第119回 【遠隔介護の終止符】父の容態激変の知らせを受けて京都へ。最期の時間を前に僕が感じたこと#1180
2025年11月、東京で仕事中に受けた一本の電話。それは京都の施設で暮らす父の容態が急速に悪化したという知らせでした。約5年にわたる遠隔介護を経て、ついに向き合うことになった父の衰弱。主治医からの言葉と、再会した父の姿、そして当時の僕が抱いた心境を振り返ります。
突然の電話と「1か月」という宣告
2025年11月24日、東京で仕事をしていた僕のもとに、京都のサービス付き高齢者向け住宅(サ高住)から連絡が入りました。「お父様の容態を一気に悪化(衰弱)されています」という看護師さんの言葉に、一瞬で空気が張り詰めました。
「数日前から食事も喉を通らず、かなり衰弱されています。今日の様子だと、あと1か月は持たないかもしれません」
看護師さんは立場上、安全を見て少し長めの期間を提示されているのだと、そのニュアンスが直感的に伝わってきました。
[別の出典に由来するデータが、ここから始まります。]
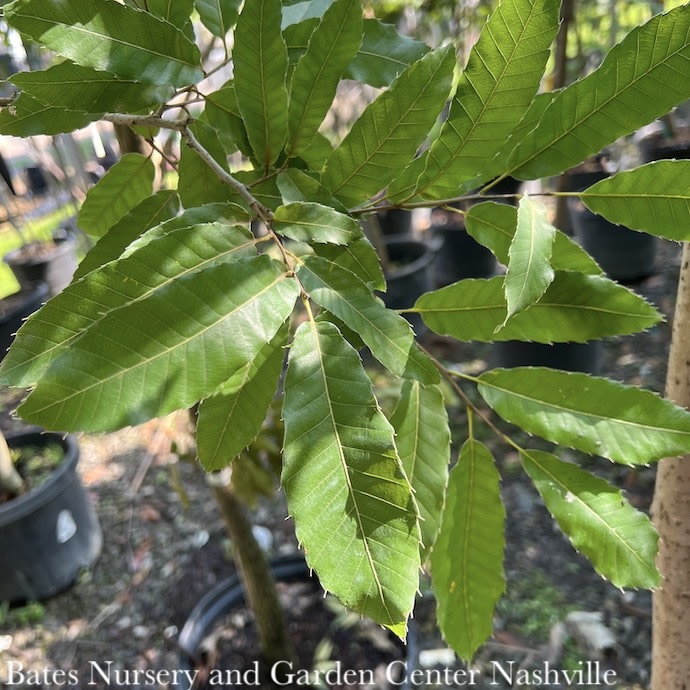 #3 Quercus acutissima/ Asian Sawtooth Oak
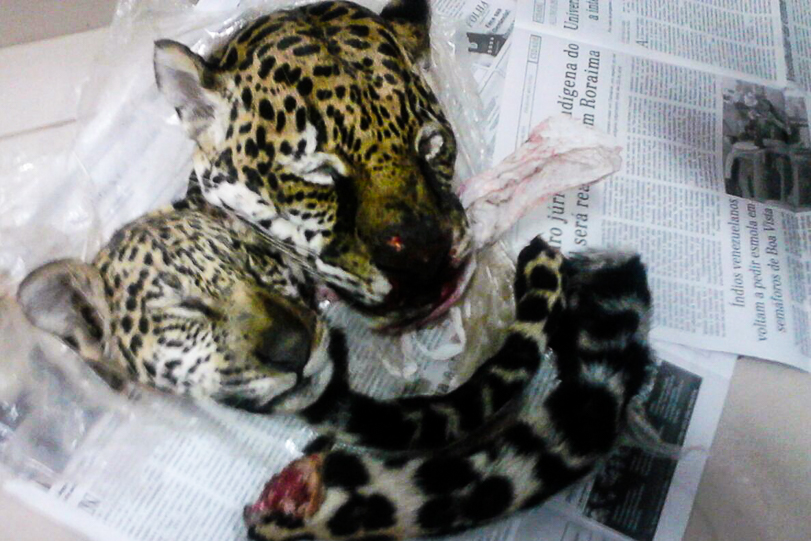 Provas do crime estavam numa mochila. Foto: Divulgação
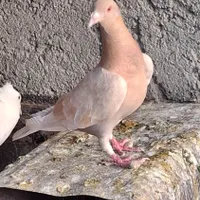 کفتر نر سبز و یک عدد ماده|پرنده|گناباد, |دیوار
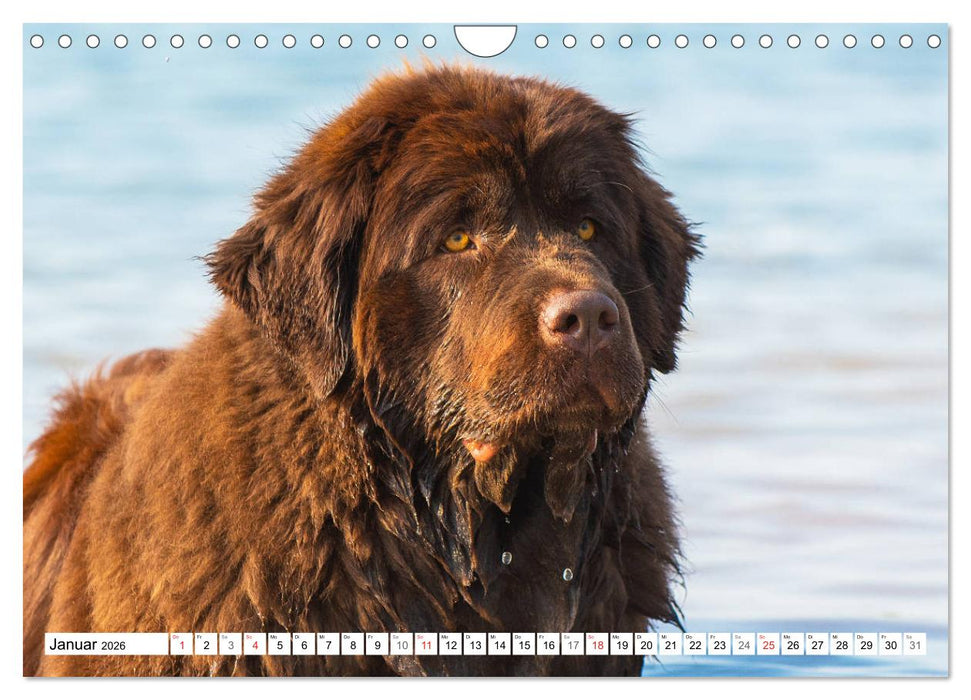 Neufundländer - Ein bärenstarker Freund (CALVENDO Wandkalender 2026)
父の身体は、僕たちが想像する以上の速さで限界に近づいていたのです。
主治医からの報告と「2、3日の覚悟」
翌日の火曜日、往診を担当してくださっている主治医からも電話がありました。その内容はさらに切実なものでした。「日曜日の診察時とは激変しています。会話もほぼ成り立たず、水分を摂るのが精一杯の状況です。この様子だと、2、3日のうちに血圧が下がり、施設から緊急連絡がいくことになるでしょう」
父の死期が近いことは、心のどこかで覚悟していました。そのため、医師からの報告も意外なほど冷静に受け止めることができました。数日前に電話で話した際、「しんどい、早く来てくれ」と言われたことにすぐ応じられなかった悔いは残りましたが、5年間にわたり遠隔介護を全うしてきたという、自分なりの「やり遂げた感」があったのも事実でした。
一週間ぶりの再会と父の変化
僕は予定を前倒しし、11月26日の水曜日に仕事を切り上げ京都へと向かいました。わずか一週間前に会った時とは、父の外見は明らかに変わっていました。
痩せ細り、手足に力が入らず、自力では寝返りを打つのが精一杯。それでも僕の顔を見ると、目を開けて「お前どこ行ってたんや」と、いつもの口調で話しかけてくれました。時系列の認識は曖昧になっていましたが、息子である僕の存在だけは、しっかりと認識しているようでした。
身体に現れた「衰弱の兆候」
施設の看護師さんからは、身体が静かに終わりの準備を始めているサインについても説明を受けました。
- 排尿が止まっていること
- 黒い排便があること
- 自力での水分摂取が困難なこと
これらは、医学的な観点からも衰弱が極限まで進んでいることを示していました。当時は介助を受けながら、少しずつお茶を口に含ませてもらっている状態でした。
京都で過ごす、父との最期の時間
僕はその日が来るまで京都に滞在することを決めました。実家を拠点にしながら、サ高住に通い、父との最期の時間を共有することにしたのです。
遠距離での介護は決して楽な道ではありませんでしたが、こうして最後に寄り添える状況を整えてこられたことに、当時は静かな納得感を得ていました。父が少しでも穏やかに過ごせるよう、ただそばで見守り続けたいと思いました。